Rava is an online news portal providing recent news, editorials, opinions and advice on day to day happenings in Pakistan.
At what time does the nearest supermarket close? Do you need to leave today with an umbrella? What action movies are you now giving in the cinema?
You may be used to asking your voice assistant these kinds of questions to avoid investigating the answers by yourself.
However, although conversing with a machine may seem like a relatively recent development, you will be surprised to learn that the first conversational (or chatbot) bot , that is, the first program designed to respond automatically and coherently, whatever we asked, was invented more than 50 years ago.
Like Siri, Alexa, Echo, Cortana and other digital assistants, this first artificial intelligence conversational program had a woman’s name.
Her name was Eliza , in honor of the character Elsa Doolittle from the play Pygmalion, by Irish playwright George Bernard Shaw, who with the help of a teacher transforms in six months from a street vendor to a lady of high society.
Eliza, the psychologist
Eliza was born in the United States in 1966 .
It was the brainchild of Joseph Weizenbaum, a professor of computer science at the Massachusetts Institute of Technology ( MIT ), who wanted to parody psychotherapists who followed the guidelines of psychologist Carl Rogers, creator of the call. “Therapy focused on the client”.
Weizenbaum’s idea was for Eliza to converse (in writing) with her interlocutor in a way that gave the impression that she was listening to him and that she empathized with his problems and anxieties.
With this, I wanted to show how superficial communication between man and machine could be.
To achieve a non-robotic conversation, as close as possible to a dialogue between two human beings, Eliza used several resources.
One of his secrets was to recognize key words , and then ask questions related to that topic.
For example, when the speaker mentioned the word father or mother in his speech, Eliza recognized that he was talking about the family and then asked questions related to that question.
He also had stored phrases on a variety of topics, which he used when recognizing key words, as well as empathic and continuity phrases.
The latter -such as: talk to me more about that, continue, etc.- were always useful to give the sensation of showing interest and making the subject continue talking as if he were having a real conversation.
If Eliza did not find associated words in her database, she used phrases like Why do you say that? or are you sure? and other combinations of similar words.
And, like many psychotherapists do, he would turn the phrase you said and repeat it, transforming it into a question.
This is an example of a dialogue with Eliza:
Eliza: I’m the psychotherapist.

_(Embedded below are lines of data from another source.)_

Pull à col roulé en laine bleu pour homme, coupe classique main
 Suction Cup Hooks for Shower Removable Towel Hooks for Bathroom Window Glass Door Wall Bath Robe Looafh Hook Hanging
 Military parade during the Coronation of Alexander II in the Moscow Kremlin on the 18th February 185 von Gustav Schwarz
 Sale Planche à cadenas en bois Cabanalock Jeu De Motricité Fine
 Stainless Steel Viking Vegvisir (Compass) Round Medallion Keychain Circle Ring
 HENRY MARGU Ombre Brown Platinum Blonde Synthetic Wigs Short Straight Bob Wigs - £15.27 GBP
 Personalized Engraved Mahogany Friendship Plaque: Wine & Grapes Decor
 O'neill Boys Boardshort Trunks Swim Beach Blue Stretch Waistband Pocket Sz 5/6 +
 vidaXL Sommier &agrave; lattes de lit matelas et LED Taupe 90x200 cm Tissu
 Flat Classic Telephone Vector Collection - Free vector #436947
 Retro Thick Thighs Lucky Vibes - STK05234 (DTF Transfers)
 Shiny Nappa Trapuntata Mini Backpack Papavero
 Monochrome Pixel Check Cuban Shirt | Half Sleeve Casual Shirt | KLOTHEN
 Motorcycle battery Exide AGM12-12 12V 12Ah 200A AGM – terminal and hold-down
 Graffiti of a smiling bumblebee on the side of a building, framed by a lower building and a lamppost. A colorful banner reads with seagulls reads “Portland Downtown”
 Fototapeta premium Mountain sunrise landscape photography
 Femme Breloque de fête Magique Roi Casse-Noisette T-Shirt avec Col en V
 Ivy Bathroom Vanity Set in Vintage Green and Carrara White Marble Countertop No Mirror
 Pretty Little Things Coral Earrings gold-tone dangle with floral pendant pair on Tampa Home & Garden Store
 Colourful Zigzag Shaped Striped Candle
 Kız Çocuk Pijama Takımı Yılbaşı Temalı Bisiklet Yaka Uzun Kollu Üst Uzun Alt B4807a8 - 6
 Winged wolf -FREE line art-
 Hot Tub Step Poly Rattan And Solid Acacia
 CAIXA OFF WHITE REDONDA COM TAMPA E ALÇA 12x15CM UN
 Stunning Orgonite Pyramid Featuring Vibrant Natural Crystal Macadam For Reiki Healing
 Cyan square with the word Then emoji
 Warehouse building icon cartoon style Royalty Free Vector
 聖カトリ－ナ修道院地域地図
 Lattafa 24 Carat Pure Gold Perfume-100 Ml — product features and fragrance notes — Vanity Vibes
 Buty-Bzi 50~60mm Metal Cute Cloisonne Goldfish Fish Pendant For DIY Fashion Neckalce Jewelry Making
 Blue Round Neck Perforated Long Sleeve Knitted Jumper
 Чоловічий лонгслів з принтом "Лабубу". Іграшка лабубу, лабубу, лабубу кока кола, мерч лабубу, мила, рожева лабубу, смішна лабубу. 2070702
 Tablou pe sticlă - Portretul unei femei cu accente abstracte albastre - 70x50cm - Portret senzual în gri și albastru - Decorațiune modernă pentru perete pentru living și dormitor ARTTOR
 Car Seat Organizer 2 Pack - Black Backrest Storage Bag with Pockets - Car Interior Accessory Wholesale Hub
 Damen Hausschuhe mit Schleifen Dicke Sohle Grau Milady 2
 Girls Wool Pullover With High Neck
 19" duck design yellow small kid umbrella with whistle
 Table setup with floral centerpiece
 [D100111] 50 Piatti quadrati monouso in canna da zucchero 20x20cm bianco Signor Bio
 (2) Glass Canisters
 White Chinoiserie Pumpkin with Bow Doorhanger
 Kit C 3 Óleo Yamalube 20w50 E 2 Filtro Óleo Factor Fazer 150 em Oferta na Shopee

Please, describe your problems to me. Every time you finish speaking, write RET twice.
Interlocutor: I am unhappy.
Eliza: Do you often feel unhappy?
Elisa: Can you develop it more?
Interlocutor: Too much work.
Elisa: Why do you say a lot of work?
Interlocutor: I’m working too much.
Elisa: You said before that you felt unhappy.
Elisa: I would like you to continue talking.
The program, however, had its limitations.
He was unable to memorize and could not learn from their conversations.
Even so, and although Weizenbaum explained how the program worked to find the right answers, he was surprised when he noticed that the users assumed that Eliza understood them.
Some even told the program about their problems and intimacies.
10 years later, the computer turned his experiences with Eliza in a book, Computer Power and Human Reason (The power of computers and human reason, in Spanish), in which he expressed his ambivalence about this technology and where he made it clear that We should never give computers the power to make important decisions, as they lacked fundamental human qualities such as compassion and wisdom .
His first attempts were later followed by other experiments aimed at humanizing computers.